Effects of Trade on the U.S. Economy - 2017
2017 Data Overview
U.S. agricultural exports support output, employment, income, and purchasing power in both the farm and nonfarm sectors. Despite an appreciation of the U.S. dollar in real terms relative to the currencies of its trading partners, U.S. agricultural exports rose 2.6 percent to $138 billion in calendar year 2017, supported by faster growth in world real gross domestic product (GDP). ERS estimates that, in 2017, each dollar of agricultural exports stimulated another $1.30 in business activity. Thus, the $138 billion of agricultural exports in 2017 produced an additional $179 billion in economic activity, for a total economic output of $317 billion. Every $1 billion of U.S. agricultural exports in 2017 required approximately 8,400 American jobs throughout the economy. Agricultural exports in 2017 required 1,161,000 full-time civilian jobs, which included 795,000 jobs in the nonfarm sector. The agricultural export surplus helped to offset some of the nonagricultural trade deficit.
Trade has always been important to U.S. farm and rural economies, from early colonial days when tobacco and cotton were the most important export commodities to today’s massive exports of grain, oilseeds, and processed foods. Even though farming today accounts for a relatively small share of U.S. GDP, U.S. agricultural trade still significantly contributes to the overall U.S. economy, with impacts felt worldwide. As the world’s economies become more integrated, global trade and the links between countries grow ever deeper. Trade agreements, in tandem with increased productivity and higher incomes, have expanded agricultural trade with developed and developing countries and, in turn, have created growth opportunities for U.S. agriculture. Trade agreements that lower trade barriers to agricultural trade potentially create demand for U.S. agricultural commodities in foreign markets. This demand would be satisfied with purchasing power partly acquired by the ability of foreign nations to increase sales of other products to the U.S. market.

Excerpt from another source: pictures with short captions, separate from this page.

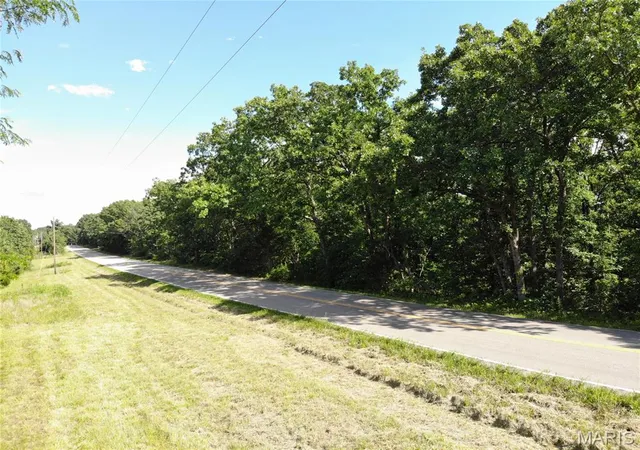 Photo 2 of Land for sale at Tbb State Hwy N, Bourbon, MO 65441 | MLS# MIS26013756 | Listing updated on 2026-09-14
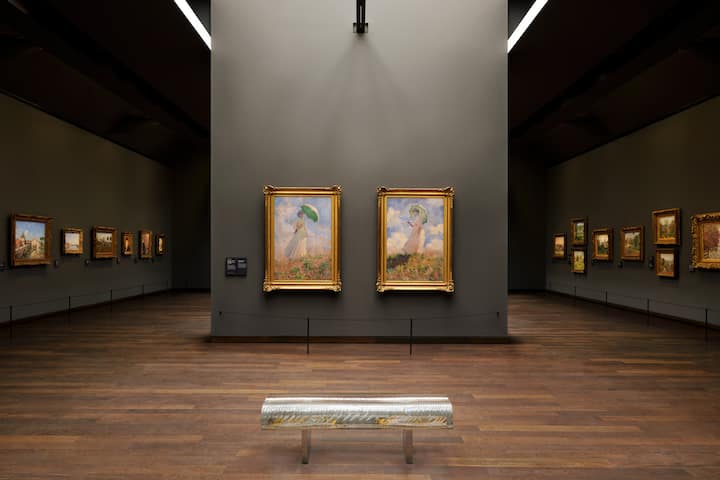 
Monet a étudié comment la lumière naturelle affecte l'apparence de la forme humaine à l'extérieur et comment les figures peuvent s'harmoniser avec leur environnement, ce que vous pourriez rencontrer pendant votre séjour.
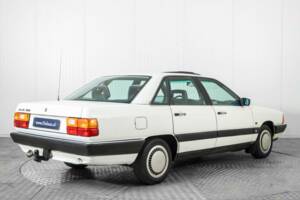 Image 2/50 of Audi 100 - 1.8 (1987)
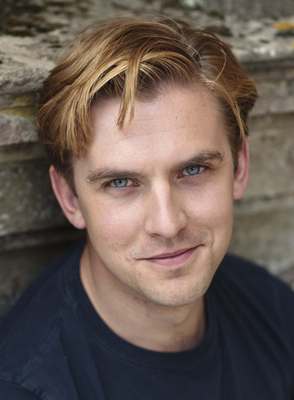 Dan Stevens Poster 2697199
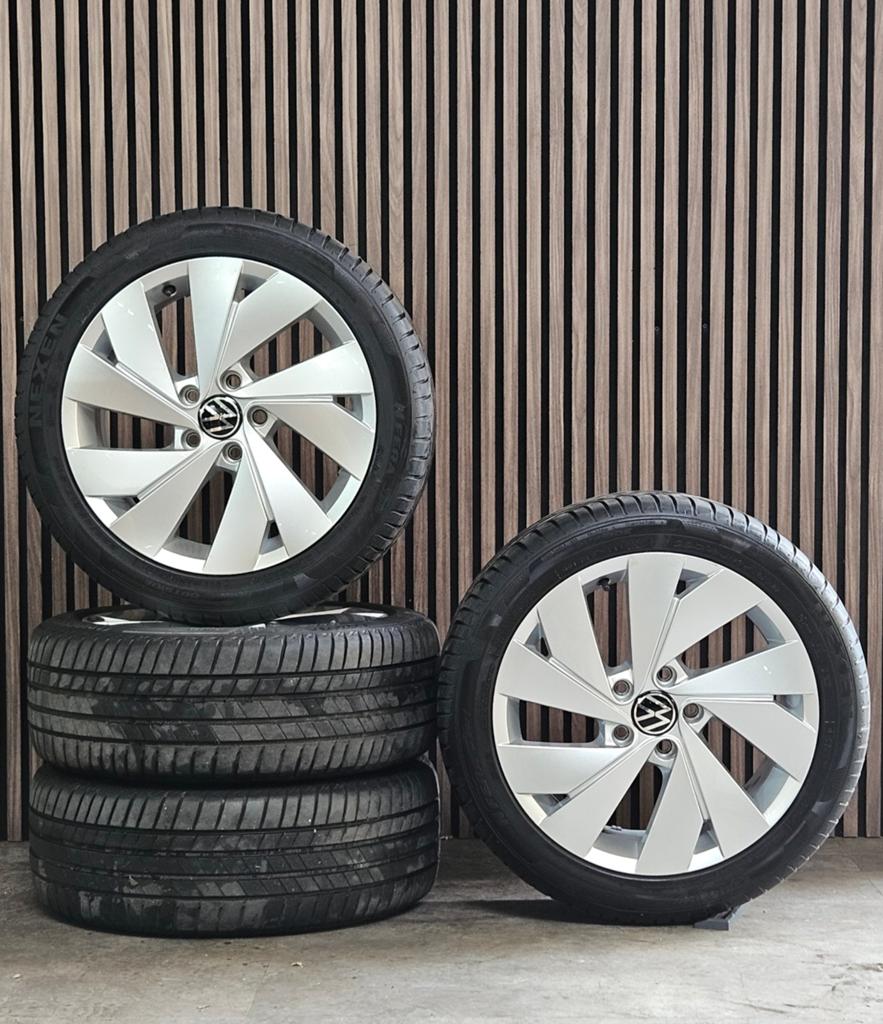 Nette 17" Orig Volkswagen Golf GTI GTE Velgen+GOEDE Banden, Auto-onderdelen, Banden en Velgen, 18 inch, Gebruikt, Banden en Velgen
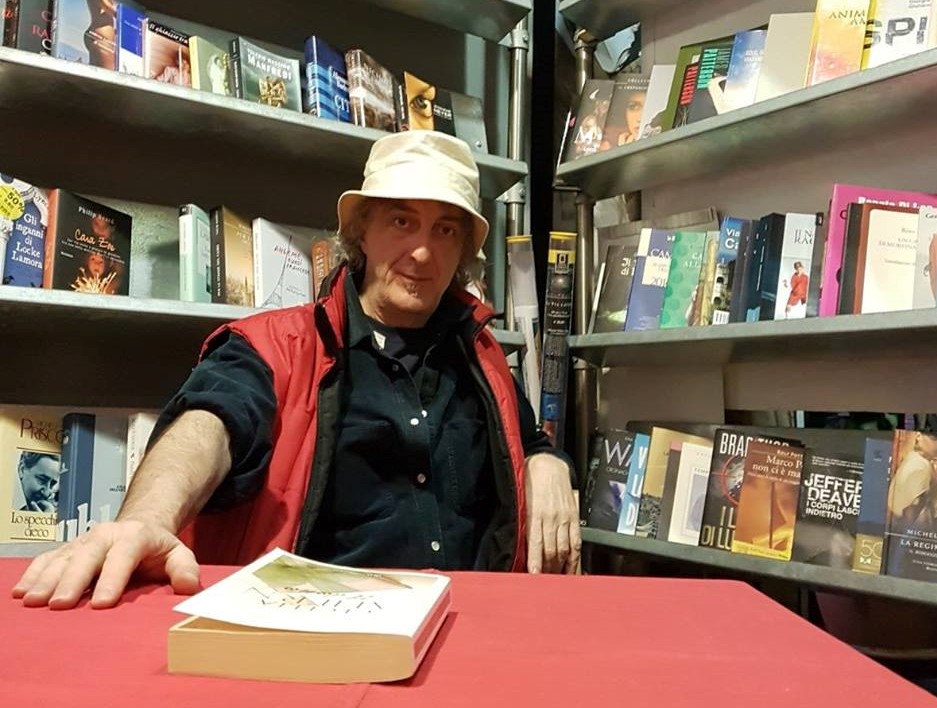 “Non rifiutiamoci”, il libraio che scambia rifiuti con un libro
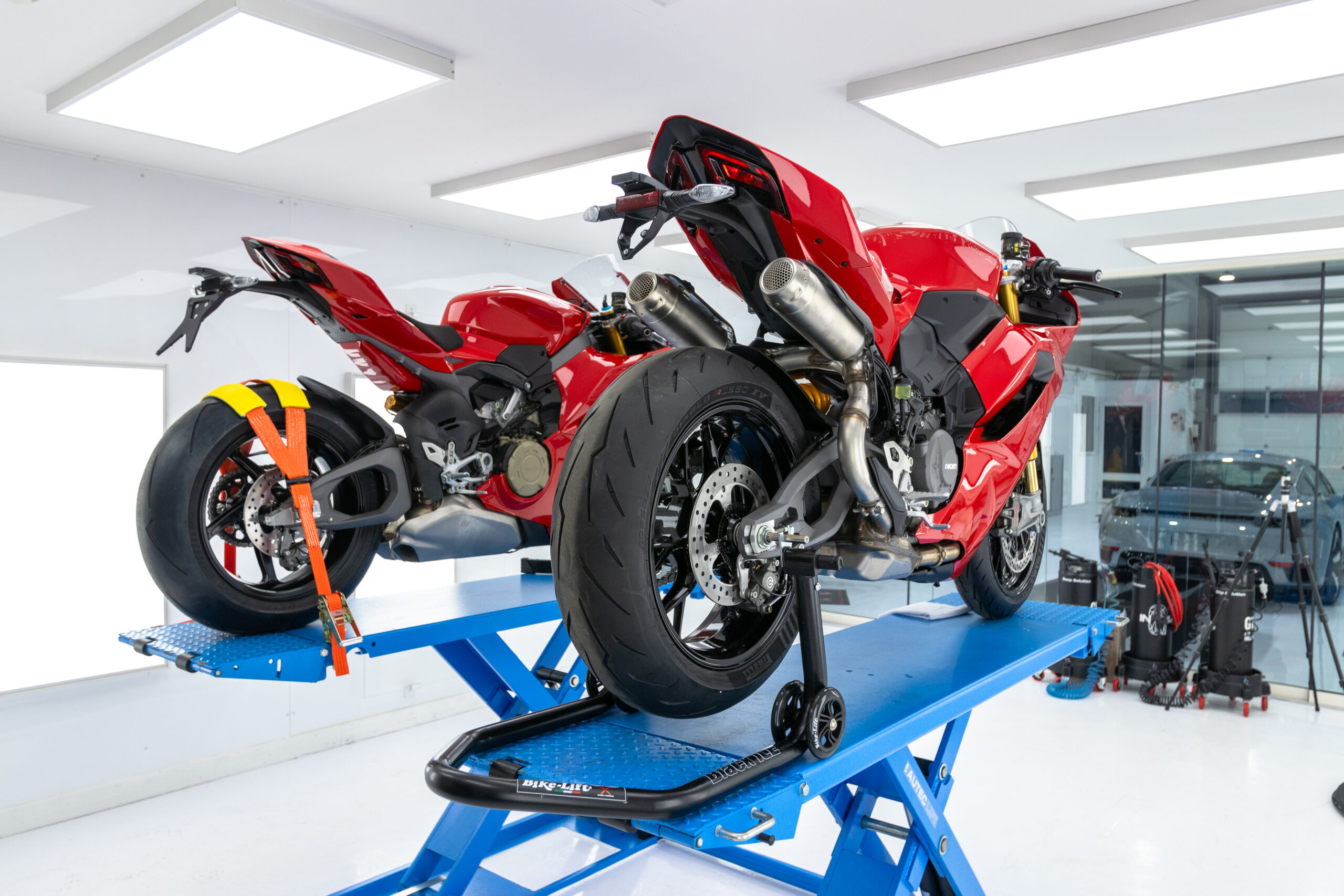 Ducati Panigale V4S & V2S-25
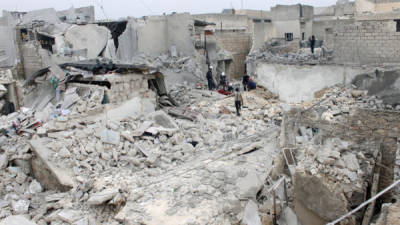 En la ciudad de Alepo hay decenas de edificios en escombros.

At $138.2 billion in 2017, U.S. agricultural exports were 2.6 percent higher than the previous year’s level but well below the record set in 2014 (about $150 billion). In 2017, the U.S. dollar appreciated in real terms relative to the currencies of its trading partners, though to a substantially smaller degree than in 2016. Faster growth in world real GDP bolstered foreign demand for U.S. agricultural exports. World real GDP growth in 2017 was an estimated 2.88 percent, about half a percentage point above the 2.38 percent expansion achieved in 2016. Economic growth in such regions as Asia, the Middle East, the European Union (EU-28), Mexico, and Canada was supportive of foreign demand for U.S. exports. In South America, macroeconomic growth turned positive in 2017 (0.46 percent) after two consecutive years of contraction.
The U.S. dollar strengthened against the world average of all its trading partners, making U.S. products somewhat less competitive, but not by enough to prevent agricultural exports from rising in 2017. Relative to the rest of the world, the dollar appreciated in real terms by 0.16 percent in 2017. For the NAFTA countries, the U.S. dollar depreciated in real terms against Canada (2.43 percent) and Mexico (3.12 percent). Although the U.S. dollar depreciated 0.33 percent in real terms against the average of South American currencies, the dollar weakened much more substantially relative to the currencies of Brazil (8.13) and Argentina (10.32). The U.S. dollar strengthened in real terms against China (2.93 percent) and Japan (3.7 percent). The U.S. dollar rose 3.94 percent relative to the average of Middle Eastern currencies but was almost unchanged against the EU-28, appreciating only 0.09 percent.
In 2017, the United Stated exported $20.6 billion of U.S. agricultural goods to Canada, surpassing China’s total of $19.5 billion. Together with Mexico and Japan, these four countries have accounted for at least 50 percent of U.S. agricultural exports since 2002. U.S. consumers continued to demand a wide variety of imported goods in 2017, and U.S. agricultural imports were the highest ever at $121.0 billion. U.S. agricultural imports from Mexico totaled $24.6 billion in 2017 (up from $22.9 billion in 2016)—accounting for about one-fifth of all U.S. agricultural imports. Together, Canada, Mexico, and the EU-28 supplied roughly 57 percent of all U.S. agricultural imports in 2017.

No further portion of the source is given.